(What this task involves):
Where the line containing "Image of happy" appears, start repeating, and continue exactly through the last line below, adding nothing. Include no pictures.

====== Material shown

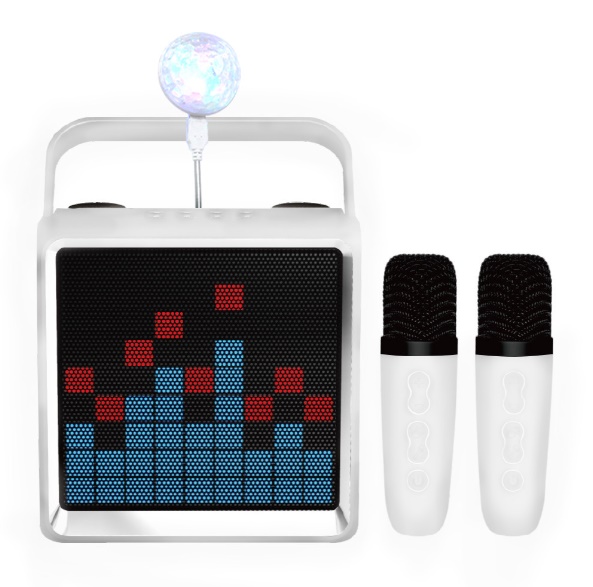 웨이브 블루투스 마이크 노래방 듀얼마이크 LED 미러볼 홈파티 차박 무선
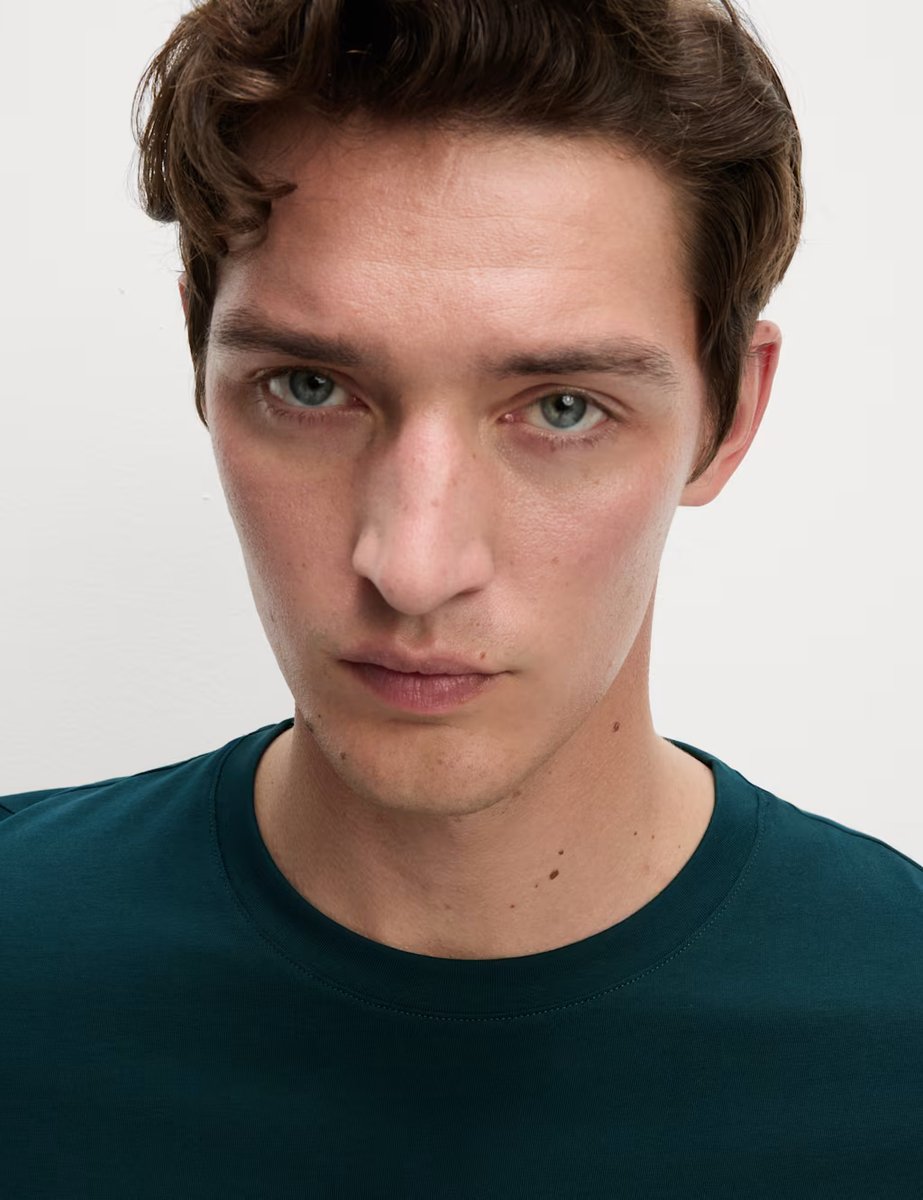 Marks & Spencer M&S Regular Fit Pure Cotton Crew Neck T-Shirt Kingfisher - 2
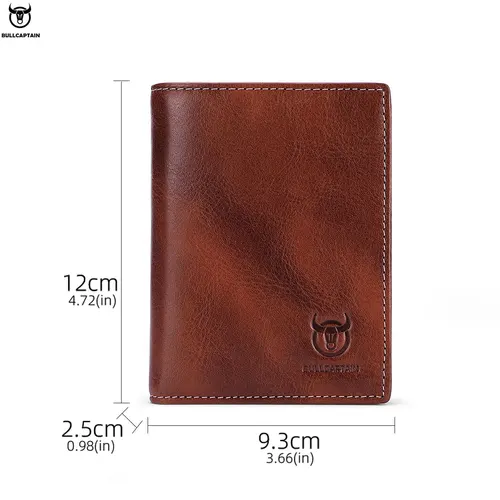 Imagen 2 del producto BULLCAPTAIN, nueva cartera de cuero 100% para hombre, producto de alta calidad, cartera de cuero para hombre, cartera corta multifuncional con ranura para tarjetas QB017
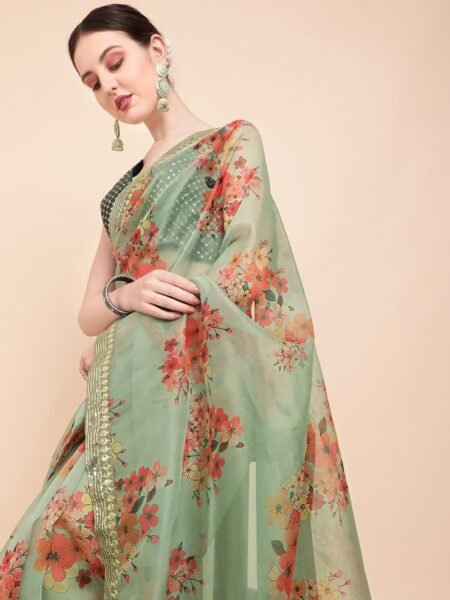 Olive Green & Red Floral Printed Organza Saree With Sequinned Blouse piece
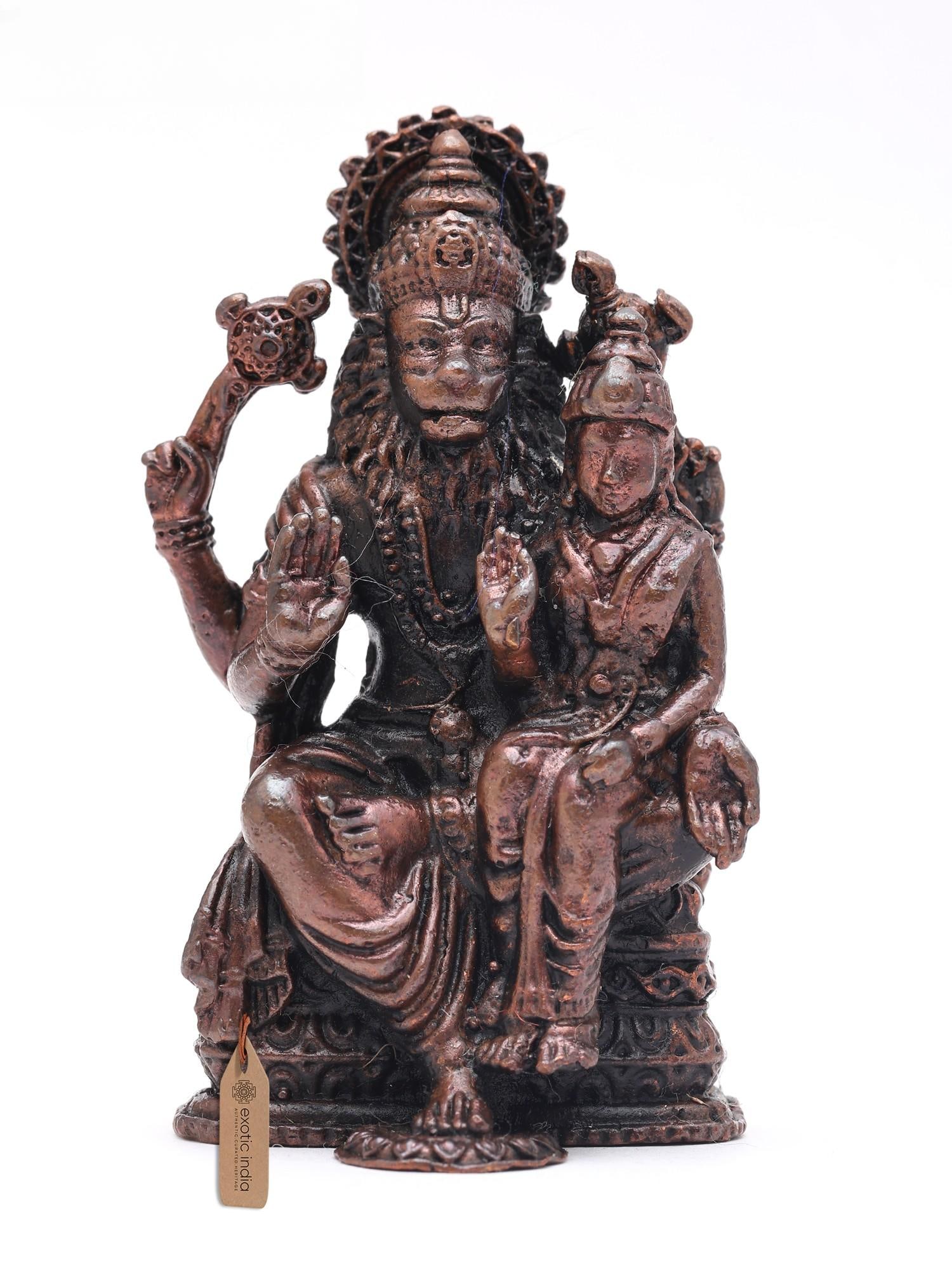 2" Small Lord Narasimha with Devi Lakshmi | Copper Statue: Description: 2" Small Lord Narasimha with Devi Lakshmi | Copper Statue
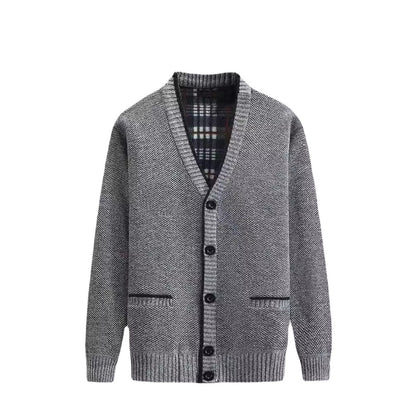 Men's Velvet Sweater Cardigan V Neck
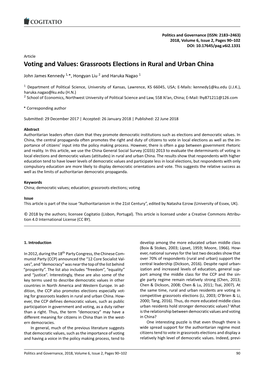 Voting and Values: Grassroots Elections in Rural and Urban China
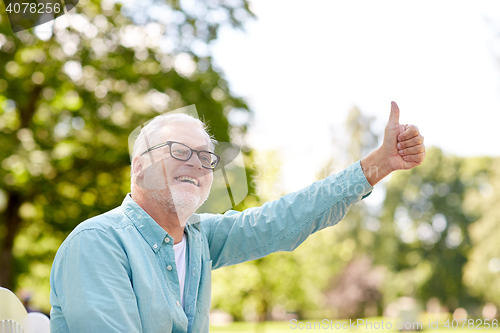 Image of happy senior man showing thumbs up at summer park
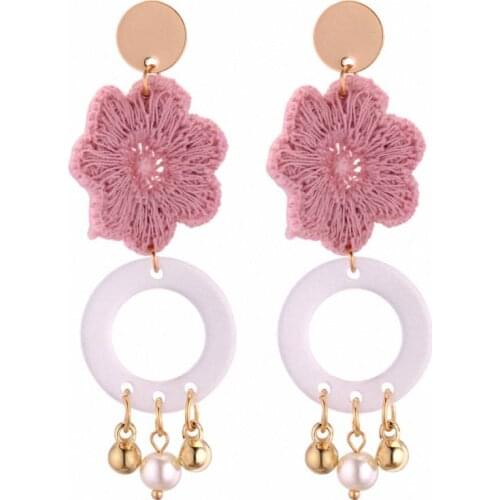 TONGKWOK Bohemia Exaggeration Dangle Earrings For Women Acrylic Tassel Flower Long Chandelier Earrings #131378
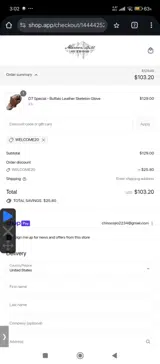 Welcome20 coupon verification screenshot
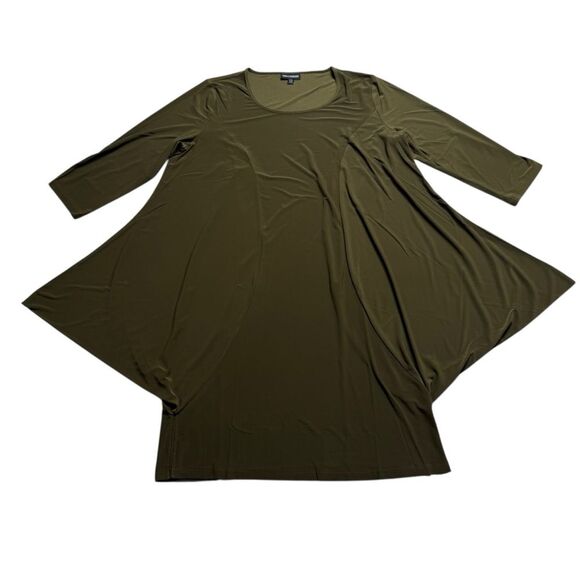 Nina Leonard Dark Olive Artsy Lagenlook Stretch Asymmetrical Hem Dress Sz 2XP - Picture 10 of 10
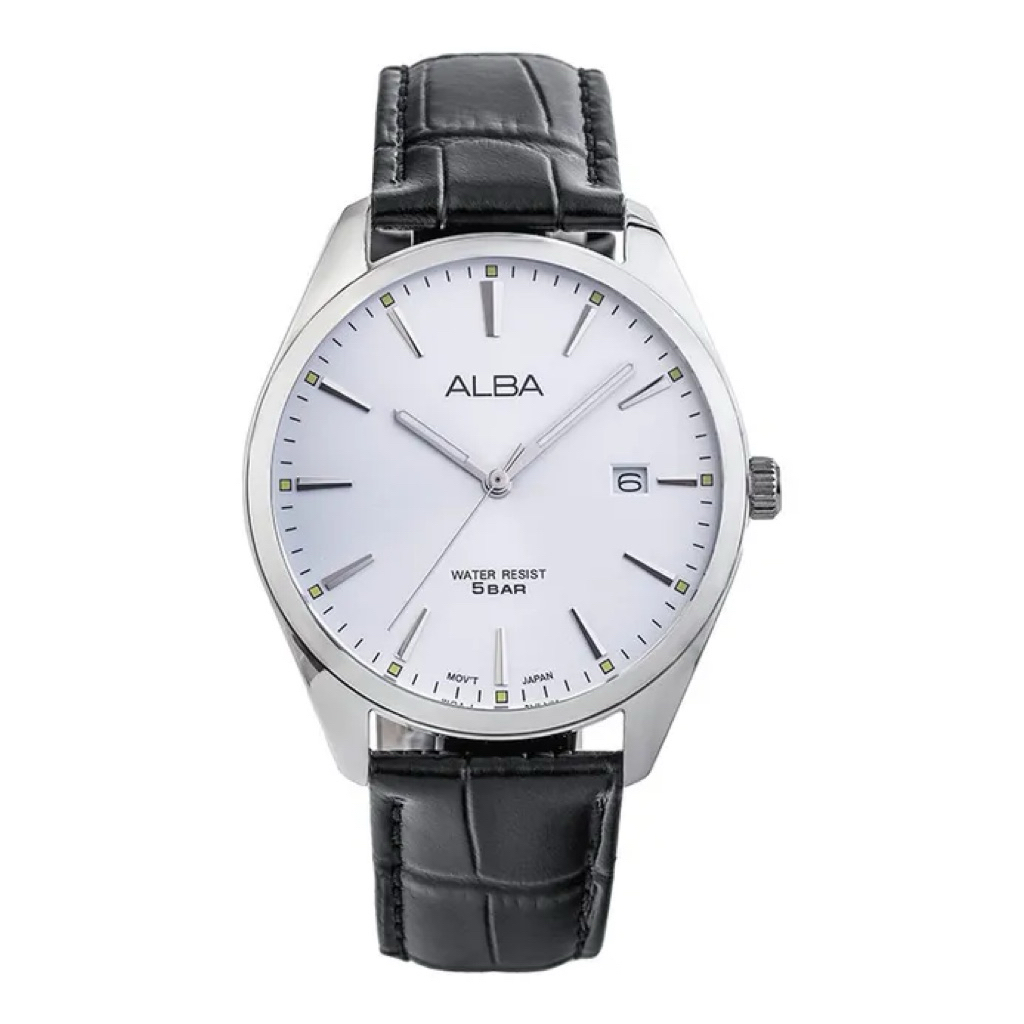 JAM TANGAN ANALOG PRIA ALBA AS9R03X1 / AS9R03 / AS9R03X SILVER WHITE DIAL QUARTZ MOVEMENT BLACK LEAT
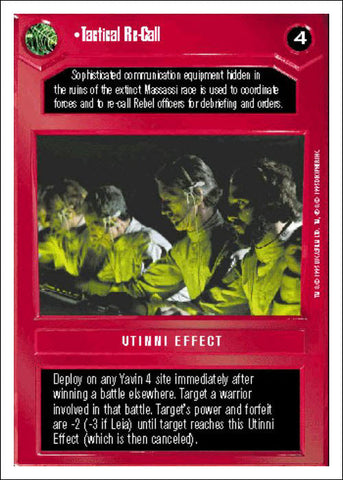 Star Wars CCG | Tactical Re-Call - Premiere WB | The Nerd Merchant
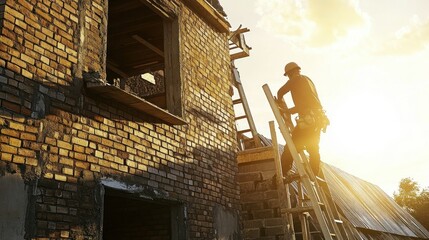 Poster - A construction worker climbs a ladder on a building site during sunset.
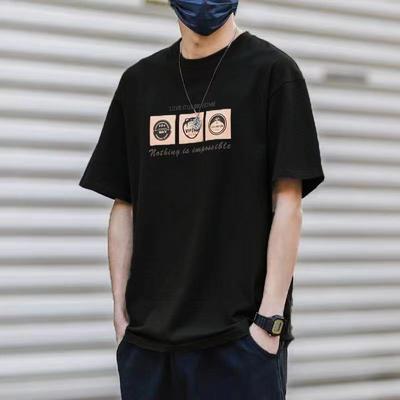 100% Cotton Mens Short-Sleeved T-shirt O-neck Casual Loose Tee Man Hip Hop Pullover Shirt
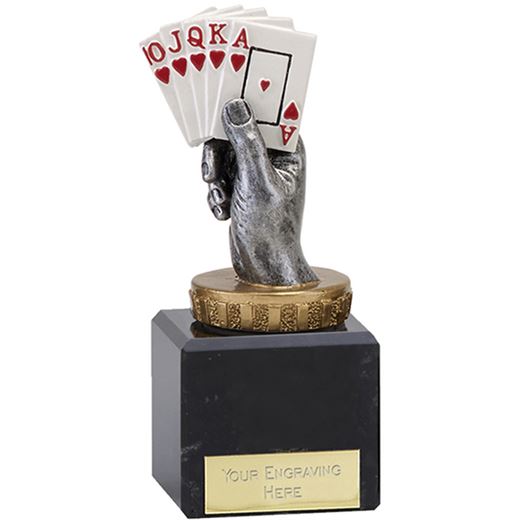 Royal Flush Playing Cards Trophy on Marble Base 12.5cm (5")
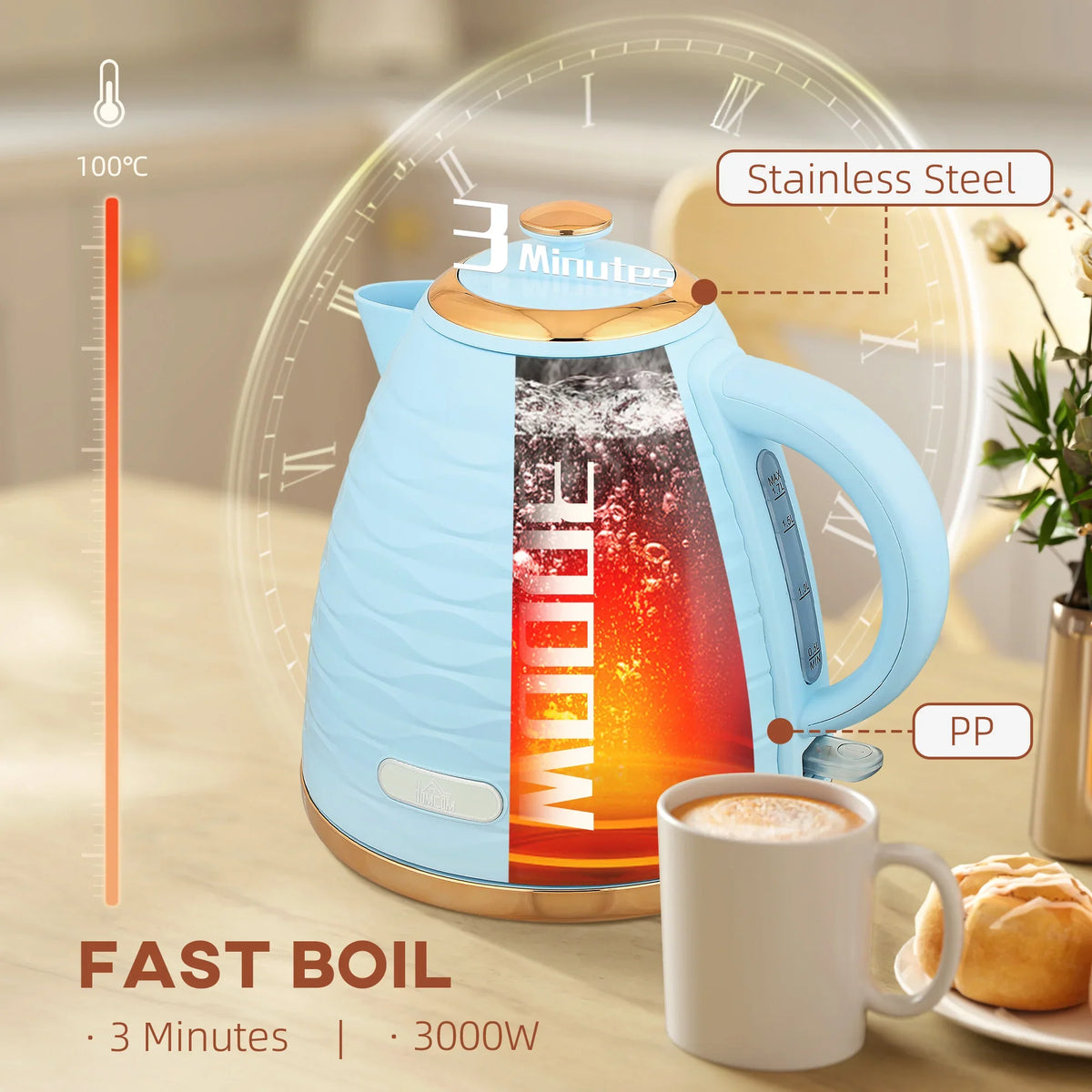 Light blue electric kettle with gold lid, steaming boil graphic and cup of tea on right.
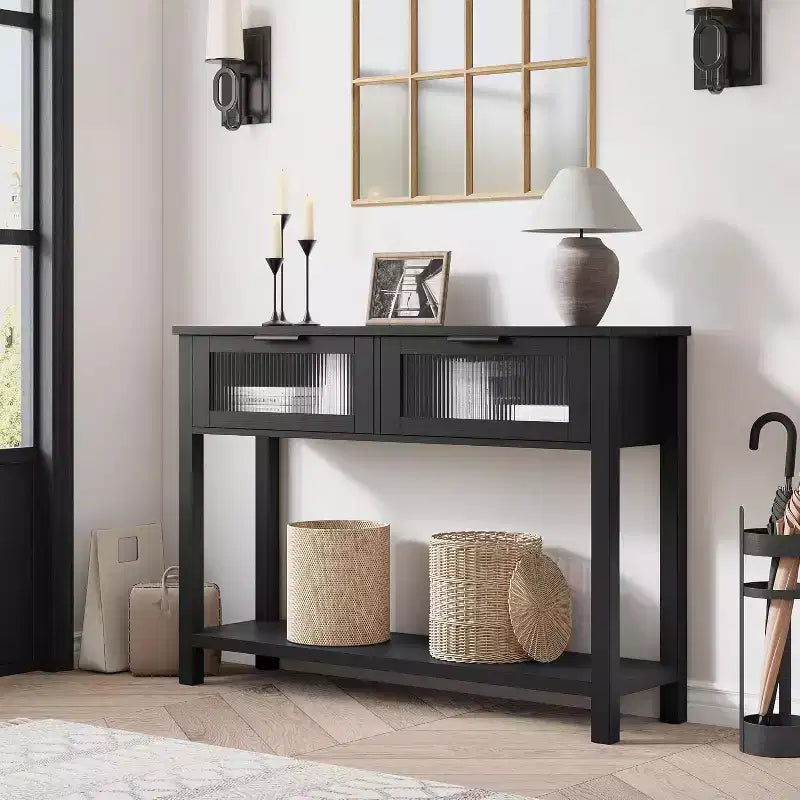 43.3'' Entryway Table, Wood Console Table with 2 Glass Drawers and Open Shelf,Behind Couch Entry Foyer Hallway Storage,for Living Room, Hallway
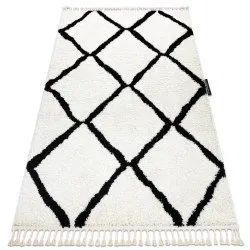 Teppich BERBER CROSS weiß Franse berber marokkanisch shaggy zottig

============

(Result of the exercise):
 Image of happy senior man showing thumbs up at summer park
 TONGKWOK Bohemia Exaggeration Dangle Earrings For Women Acrylic Tassel Flower Long Chandelier Earrings #131378
 Welcome20 coupon verification screenshot
 Nina Leonard Dark Olive Artsy Lagenlook Stretch Asymmetrical Hem Dress Sz 2XP - Picture 10 of 10
 JAM TANGAN ANALOG PRIA ALBA AS9R03X1 / AS9R03 / AS9R03X SILVER WHITE DIAL QUARTZ MOVEMENT BLACK LEAT
 Star Wars CCG | Tactical Re-Call - Premiere WB | The Nerd Merchant
 Poster - A construction worker climbs a ladder on a building site during sunset.
 100% Cotton Mens Short-Sleeved T-shirt O-neck Casual Loose Tee Man Hip Hop Pullover Shirt
 Royal Flush Playing Cards Trophy on Marble Base 12.5cm (5")
 Light blue electric kettle with gold lid, steaming boil graphic and cup of tea on right.
 43.3'' Entryway Table, Wood Console Table with 2 Glass Drawers and Open Shelf,Behind Couch Entry Foyer Hallway Storage,for Living Room, Hallway
 Teppich BERBER CROSS weiß Franse berber marokkanisch shaggy zottig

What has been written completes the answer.